En estos quince años hemos atravesado por una grave crisis económica, se han promulgado y aplicado con desigual fortuna un número excesivo de leyes educativas y se ha desencadenado una pandemia que a su vez ha traído otra crisis económica además de mucho dolor. Se ha renovado casi un cuarenta por ciento del claustro, se ha estabilizado y mejorado la apuesta por el inglés, hemos obtenido grandes resultados académicos en PISA y en el acceso a la universidad, hemos profundizado en nuestra identidad como colegio jesuita y nuestro proyecto educativo se ha enriquecido con la integración del colegio del Niño Jesús, que nos abre iniciar un camino nuevo y muy ilusionante. Es un momento de balance para mí, y por eso me tomo la libertad de dirigirme a la comunidad educativa del colegio posiblemente por última vez.

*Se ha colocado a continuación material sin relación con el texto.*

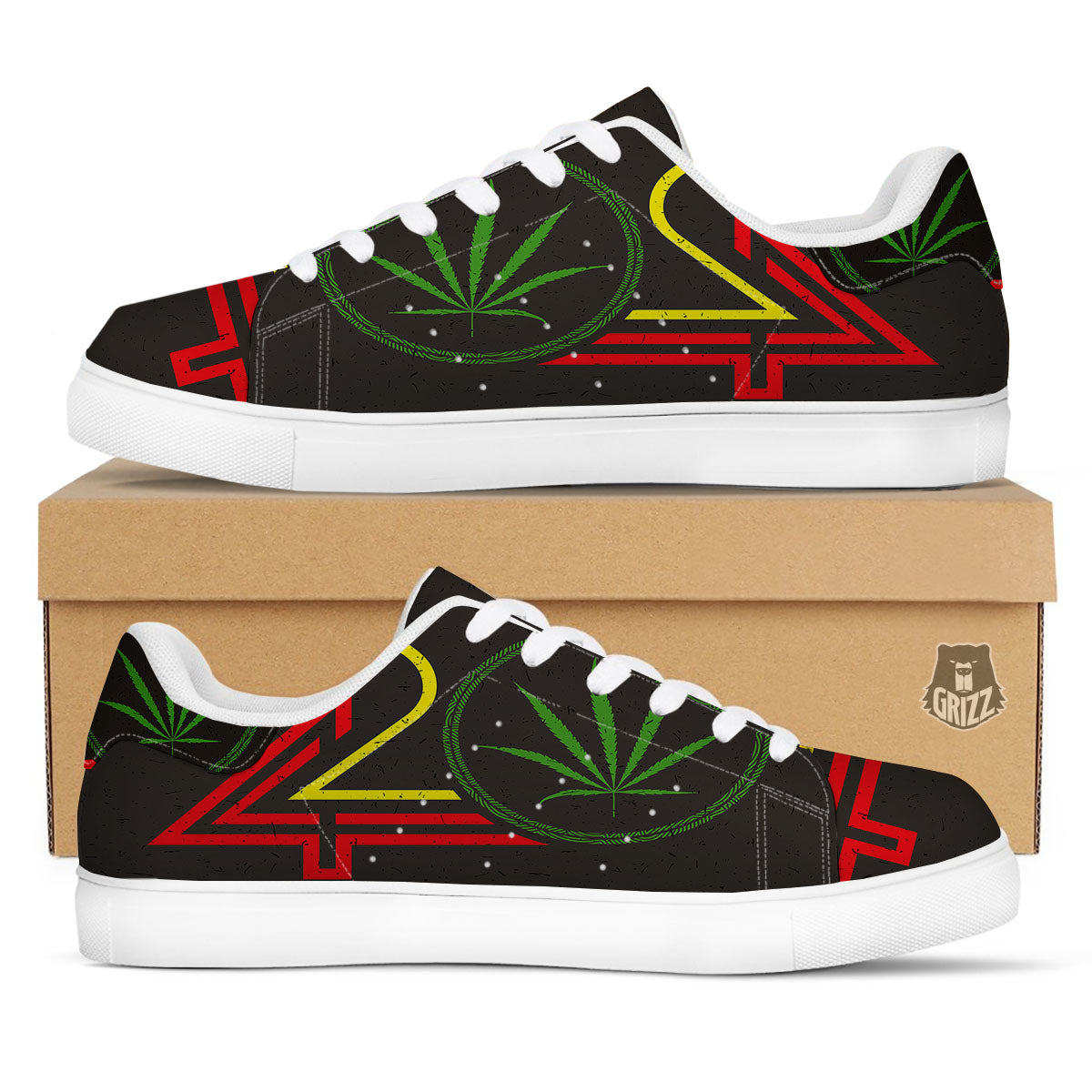 420 Rasta Print White Low Top Sneakers-grizzshop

Aunque hay muchos elementos positivos, se diría que vamos configurando una sociedad cada vez más desigual y fracturada, más polarizada, que en la práctica parece emplear las emociones más primarias como única categoría de la construcción de la realidad, con lo que eso implica de dificultar casi cualquier diálogo hasta hacerlo virtualmente imposible.
Se diría que vivimos en una sociedad que aprecia mucho más los resultados que los procesos, que busca atajos, que omite el esfuerzo y no valora la rectitud, ni las trayectorias ni el compromiso a largo plazo frente al éxito inmediato a casi cualquier precio. Se diría que construimos una sociedad de personas incapaces de asumir la frustración, basada en una falsa idea de individualismo omnipotente que esta pandemia que vivimos se ha encargado de tirar por tierra de forma irreversible.

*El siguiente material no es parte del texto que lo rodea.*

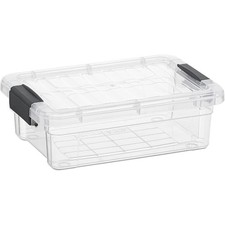 Clear Storage Boxes with Lids 1.27 Quart Plastic Bins Organizing Stackable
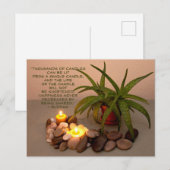 Aloe, Candles und River Rocks | Glücksangebot Postkarte (Vorne/Hinten)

Los filósofos modernos hablan de la sociedad de la auto-explotación que conduce a un árido vacío interior. El Papa Francisco habla de la necesidad urgente de trabajar por una sociedad basada en la reconciliación de las personas consigo mismas, con su prójimo y con la naturaleza. Todo parece ser enormemente complejo, tanto que podríamos caer en la tentación de pensar que nuestros hijos van a vivir una vida peor que la nuestra, pero yo me resisto a aceptarlo. Es posible, e incluso sensato que nuestros hijos tengan que vivir una vida más austera que la nuestra en lo material, pero eso no significa peor.

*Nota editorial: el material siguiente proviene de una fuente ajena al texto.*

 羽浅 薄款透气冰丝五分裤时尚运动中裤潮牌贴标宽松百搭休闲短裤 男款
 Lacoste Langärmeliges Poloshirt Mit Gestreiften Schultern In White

Nuestros hijos tendrán que vivir una vida en la que la conciencia de que todo y todos estamos interconectados será básica para poder ser pleno y feliz. Tendrán que comprender que no solo es una cuestión de interconexión sino de interrelación, que lo que les pase a los demás nos afecta y nos incumbe a cada uno de nosotros. Tendrán que abandonar la falsa sensación de invulnerabilidad en la que nos empeñamos en creer y aceptar que somos vulnerables y que por ello necesitamos los unos de los otros para poder vivir dignamente. Tendrán que aceptar el peso de su responsabilidad individual como algo inalienable a lo que no podrán renunciar. Una responsabilidad entendida como la capacidad casi única que poseemos las personas para cambiar las cosas a mejor, para hacernos cargo de la realidad, cargar con ella si es preciso y encargarnos de contribuir a la creación de un mundo mejor, sabiendo que lo que nosotros no hagamos no será hecho porque nadie lo va a hacer por nosotros. Nada de esto puede lograrse sin la educación.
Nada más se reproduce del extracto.